Cualquier identidad diferencial necesita de un proceso de transcodificación o mediación dirigido al consenso del aparato curatorial y discursivo de la institución arte. Hoy por hoy, la forma del estado nación es la que garantiza esta traductibilidad. El otro gran paradigma que ya ha sido integrado y está siendo explotado es de los antiguos países comunistas de Europa del Este. La imagen del artista del Este es completamente localizable y figurable en el imaginario de la institución arte. Pero fuera de esta representación, el estado nación es la agencia que ejecuta la realidad social e histórica de ese país traducible a la comprensión regulada de las identidades. Los pabellones de algunas naciones sin estado en la Bienal de Venecia, sea el caso conjunto de Cataluña e Islas Baleares, parten con un hándicap desde el comienzo y en la mayoría de las ocasiones están destinados a ser productos de consumo interno aún delante de un escaparate internacional. Una verdadera posición post-nacional para las artistas y agentes productores implicados ante la disyuntiva de tener que actuar en representación implicaría no tener nunca que tomar partido por alguna de las dos partes en conflicto, sino más bien el poder participar a la vez de una y la otra pero también, en una realización dialéctica, de ninguna de las dos.

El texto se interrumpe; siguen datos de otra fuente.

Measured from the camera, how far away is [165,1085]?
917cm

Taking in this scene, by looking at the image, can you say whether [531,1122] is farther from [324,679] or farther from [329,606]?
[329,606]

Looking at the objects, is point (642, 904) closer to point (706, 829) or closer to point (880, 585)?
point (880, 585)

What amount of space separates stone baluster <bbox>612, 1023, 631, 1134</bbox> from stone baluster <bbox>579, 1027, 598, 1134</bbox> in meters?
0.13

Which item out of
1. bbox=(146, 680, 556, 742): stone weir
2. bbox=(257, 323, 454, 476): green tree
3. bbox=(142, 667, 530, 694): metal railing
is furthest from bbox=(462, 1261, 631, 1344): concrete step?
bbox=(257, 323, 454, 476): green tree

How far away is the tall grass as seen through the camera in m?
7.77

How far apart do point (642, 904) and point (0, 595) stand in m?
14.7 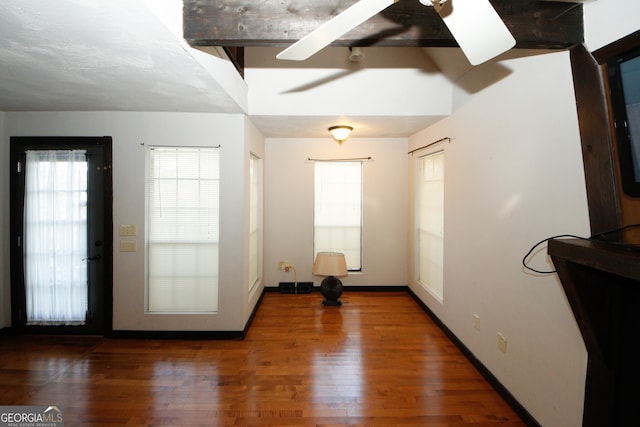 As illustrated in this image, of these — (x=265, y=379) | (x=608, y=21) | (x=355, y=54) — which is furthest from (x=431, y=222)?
(x=265, y=379)

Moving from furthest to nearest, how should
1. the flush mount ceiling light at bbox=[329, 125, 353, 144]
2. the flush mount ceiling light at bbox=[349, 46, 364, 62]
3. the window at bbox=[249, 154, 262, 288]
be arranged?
the window at bbox=[249, 154, 262, 288]
the flush mount ceiling light at bbox=[329, 125, 353, 144]
the flush mount ceiling light at bbox=[349, 46, 364, 62]

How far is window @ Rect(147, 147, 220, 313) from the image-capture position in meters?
2.95

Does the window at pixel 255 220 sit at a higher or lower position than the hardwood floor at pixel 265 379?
higher

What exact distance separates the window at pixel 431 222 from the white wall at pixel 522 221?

[1] Brian Wallis, “Selling Nations: International Exhibitions and Cultural Diplomacy”, en Daniel J. Sherman/Irit Rogoff, eds., Museum Culture: Histories, Discourses, Spectacles (Minneapolis, MI, 1994), pp. 265-81.

[2] Ver Peio Aguirre, “The State of Spain; Nationalism, Regionalism and Biennialization”, en e-flux Journal # 22, 2011. http://www.e-flux.com/journal/the-s…

Peio Aguirre escribe sobre arte, cine, música, teoría, arquitectura o política, entre otros temas. Los géneros que trabaja son el ensayo y el metacomentario, un espacio híbrido que funde las disciplinas en un nivel superior de interpretación. También comisaría (ocasionalmente) y desempeña otras tareas. Escribe en el blog “Crítica y metacomentario”.